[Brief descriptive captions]
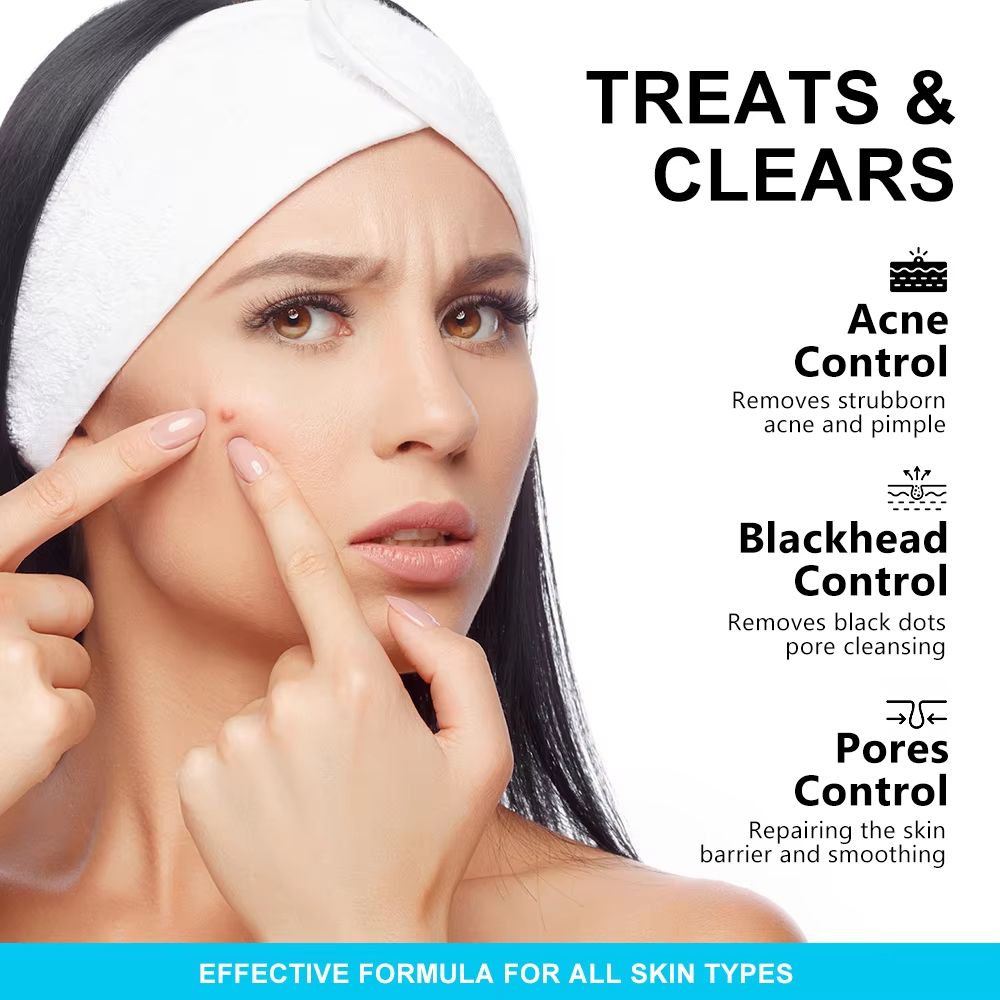 AUQUEST Salicylic Acid Acne Face Cream – Pore Refining & Blackhead Removal Niacinamide Moisturizer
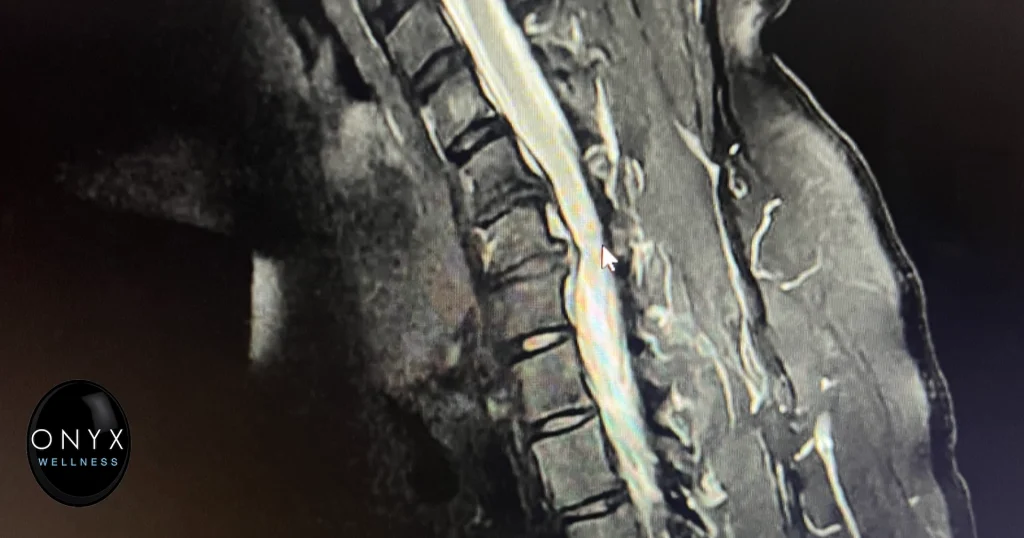 MRI scan showing herniated discs at C6 and C7 vertebrae in cervical spine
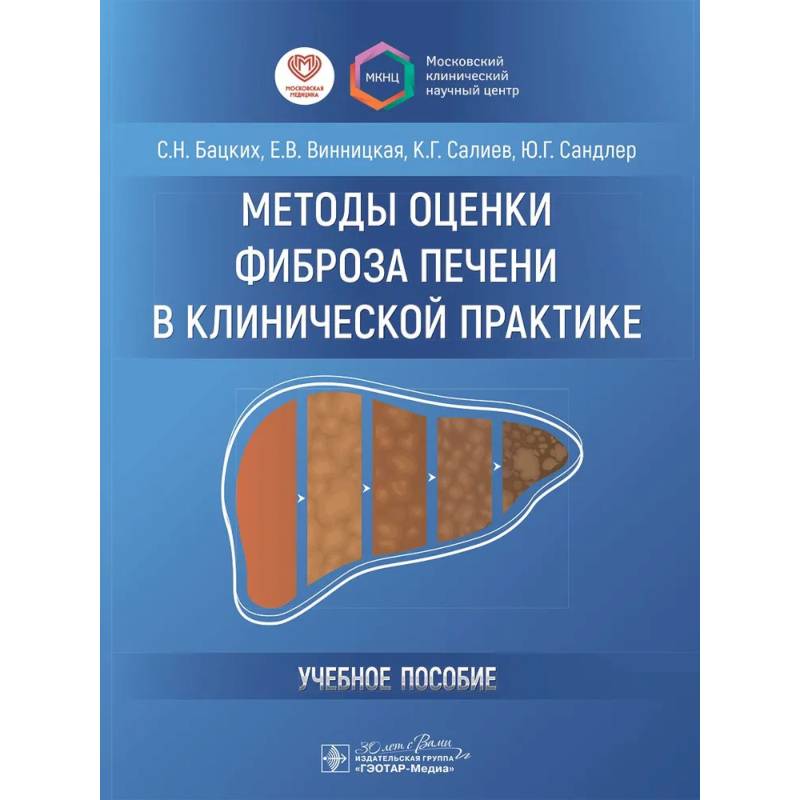 Фото Методы оценки фиброза печени в клинической практике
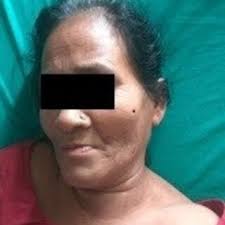 Characteristics of 25 cases of S. aureus-induced Lemierre-like syndrome.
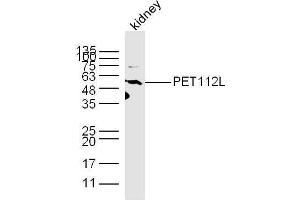 Mouse kidney lysates probed with PET112L Polyclonal Antibody, unconjugated  at 1:300 overnight at 4°C followed by a conjugated secondary antibody at 1:10000 for 60 minutes at 37°C. (PET112L anticorps  (AA 101-200))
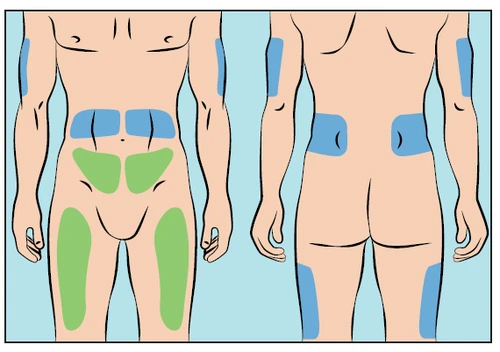 Schematic silhouette of a male figure from front and back, showing injection sites marked in blue on shoulders, abdomen, buttocks, and thighs, and in green on the lower abdomen
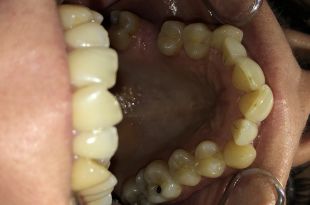 Láthatatlan fogszabályozó kezelés 9 hónap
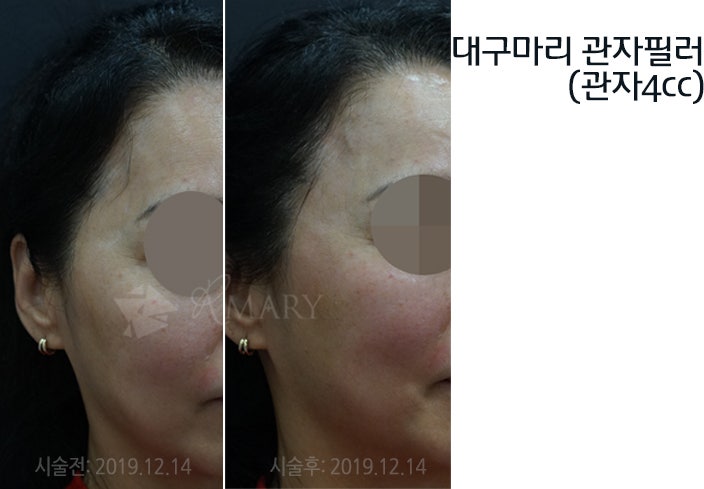 관자놀이가 꺼지는 이유! 대구마리의원 땅콩 필러, 옆볼꺼짐필러, 치아교정 후 볼 꺼짐 필러 : 네이버 블로그 관자놀이가 꺼지는 이유! 대구마리의원 땅콩 필러, 옆볼꺼짐필러, 치아교정 후 볼 꺼짐 필러 : 네이버 블로그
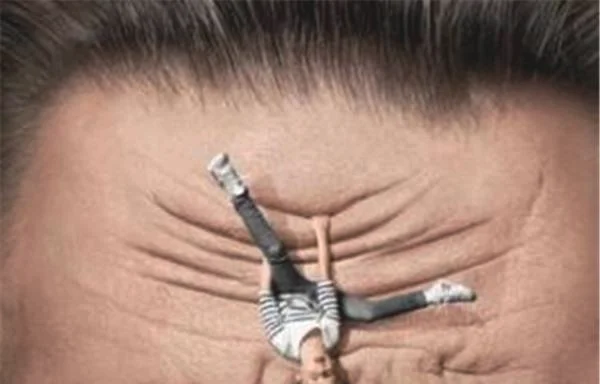 做E光除抬头纹价格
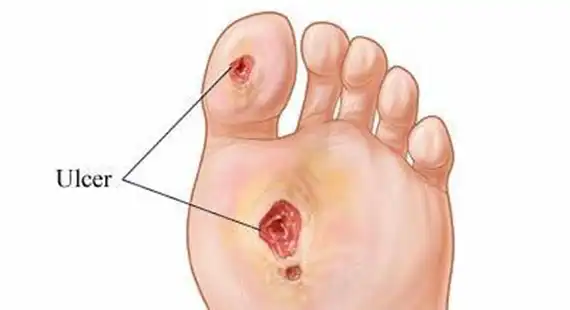 what is diabetic foot ulcers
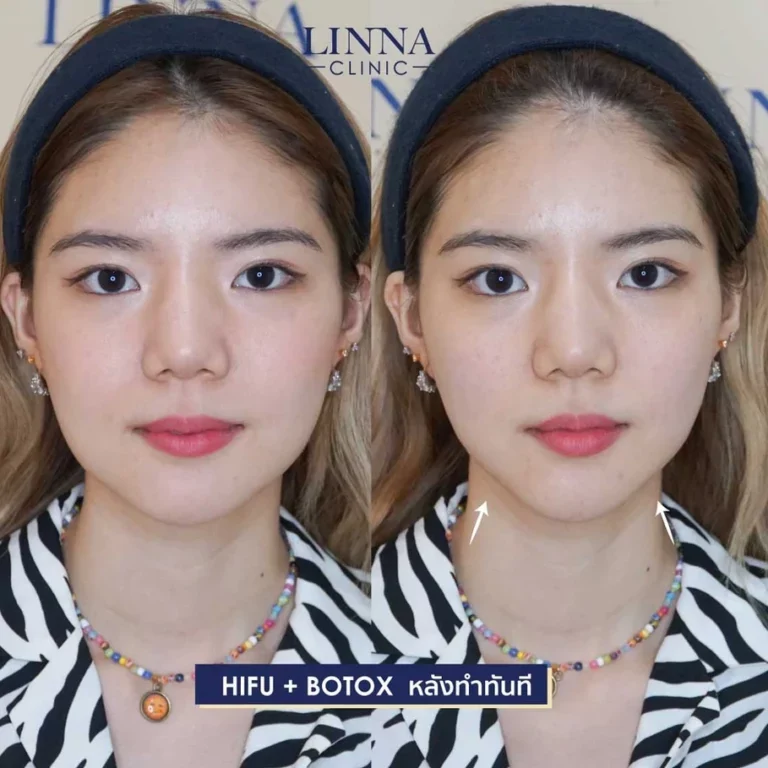 Hifu คืออะไร ยกกระชับจริงไหม รวมข้อเท็จจริงที่ต้องรู้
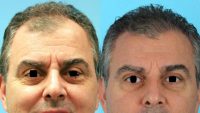 45-54 year old man treated with ARTAS Robotic Hair Transplant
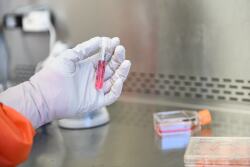 With exports of U.S. swine, cattle and dairy products totaling more than $19 billion in 2017, the GAO warned that those shipments after an outbreak of foreign disease “would likely stop or be sharply reduced. Moreover, in a widespread outbreak, the scale of federal compensation payments could be substantial.”

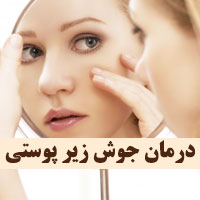علت و درمان جوش های زیر پوستی صورت و بدن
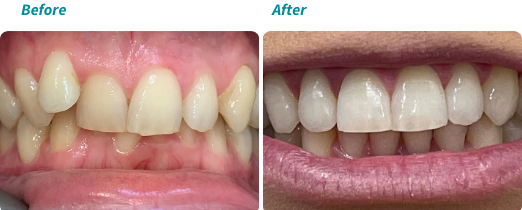 Patient before and after 2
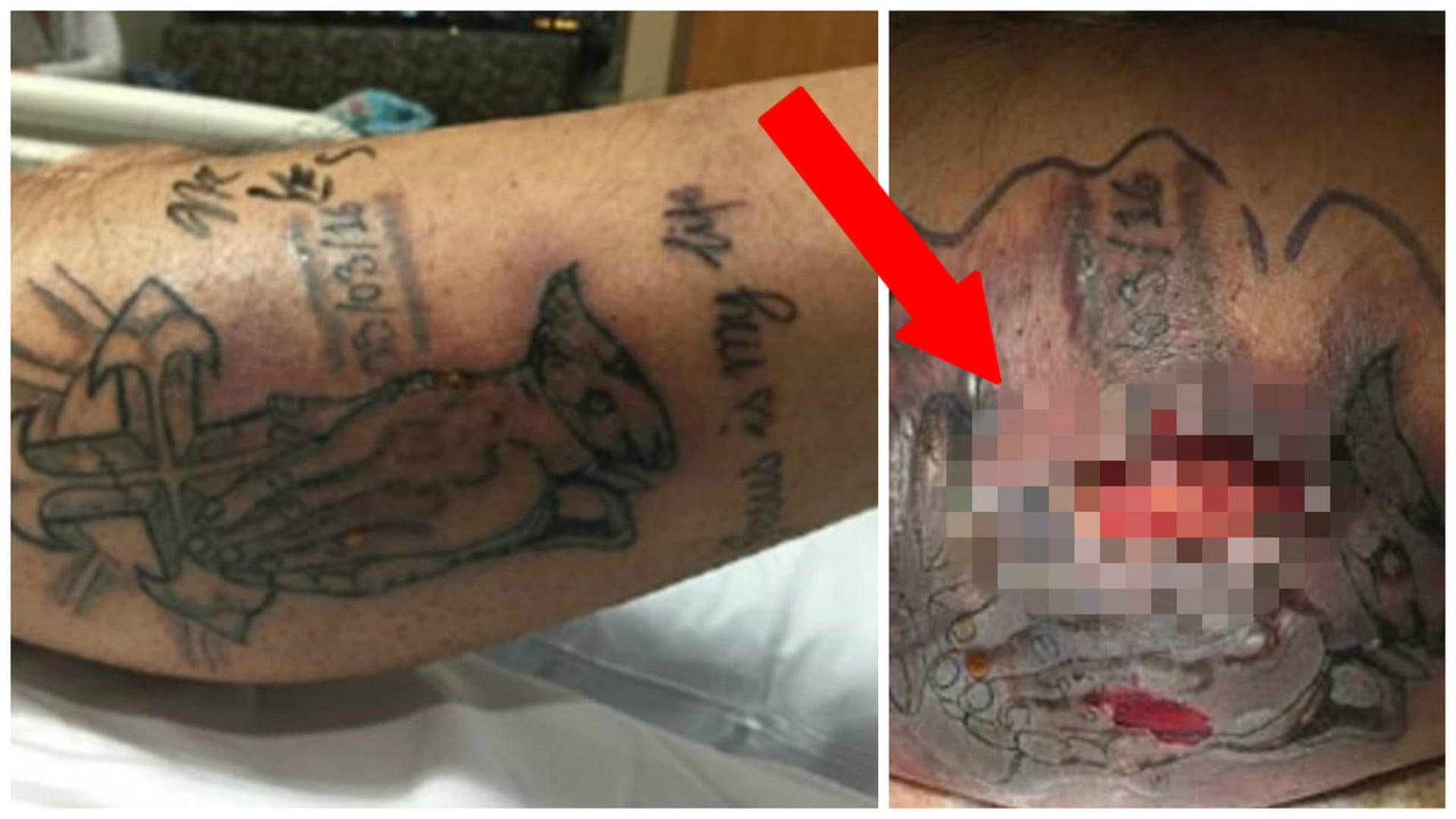 Muž zemřel kvůli novému tetování.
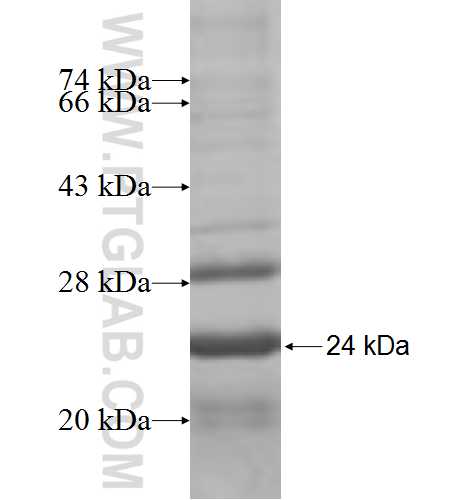 GTPBP2 fusion protein Ag7432 SDS-PAGE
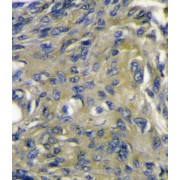 Vascular Endothelial Growth Factor D / FIGF (VEGFD) Antibody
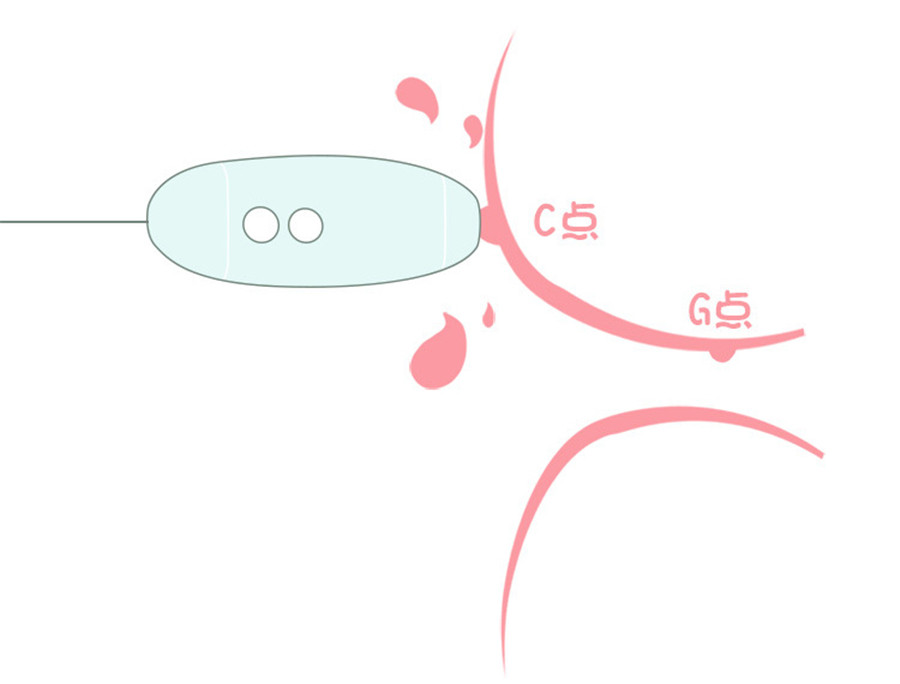 Trứng Nhảy 2 cục rung hút âm đạo Kis Toy Miss USA cao cấp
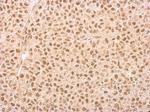 IP6K1 Monoclonal Antibody (GT10611)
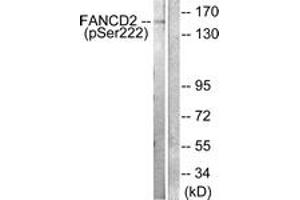 Western blot analysis of extracts from HT29 cells treated with Calyculin A 50ng/ml 30', using FANCD2 (Phospho-Ser222) Antibody. (FANCD2 antibody  (pSer222))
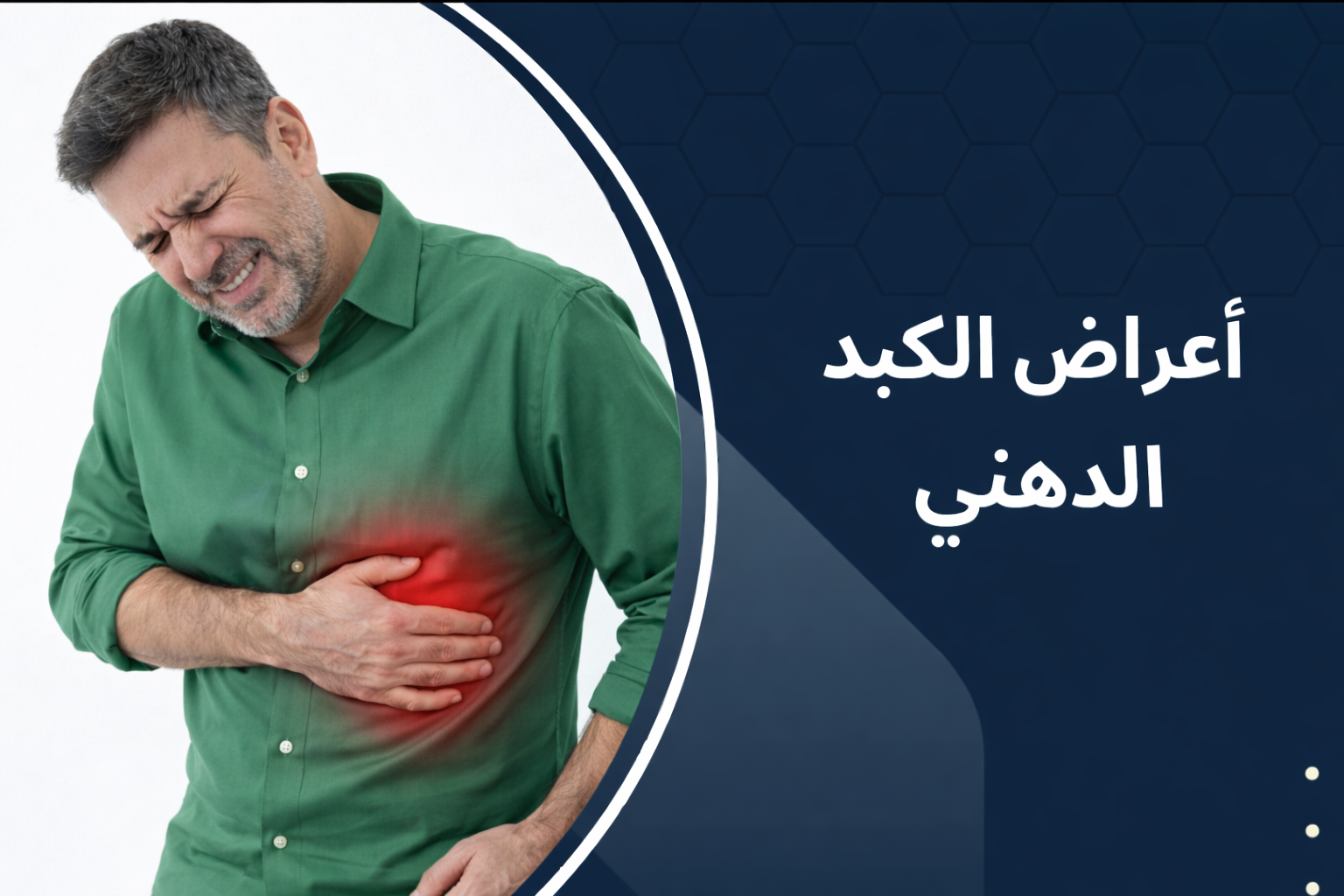 اعراض الكبد الدهني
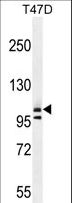 COL1A2 / Collagen I Alpha 2 Antibody - COL1A2 Antibody western blot of T47D cell line lysates (35 ug/lane). The COL1A2 antibody detected the COL1A2 protein (arrow).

■ **ACTIVITY**: No pictures belong in the copy: reproduce exactly the lines above from the one that contains "اعراض الكبد الدهني" through the last line of the entries.

■ **REPLY**:
 اعراض الكبد الدهني
 COL1A2 / Collagen I Alpha 2 Antibody - COL1A2 Antibody western blot of T47D cell line lysates (35 ug/lane). The COL1A2 antibody detected the COL1A2 protein (arrow).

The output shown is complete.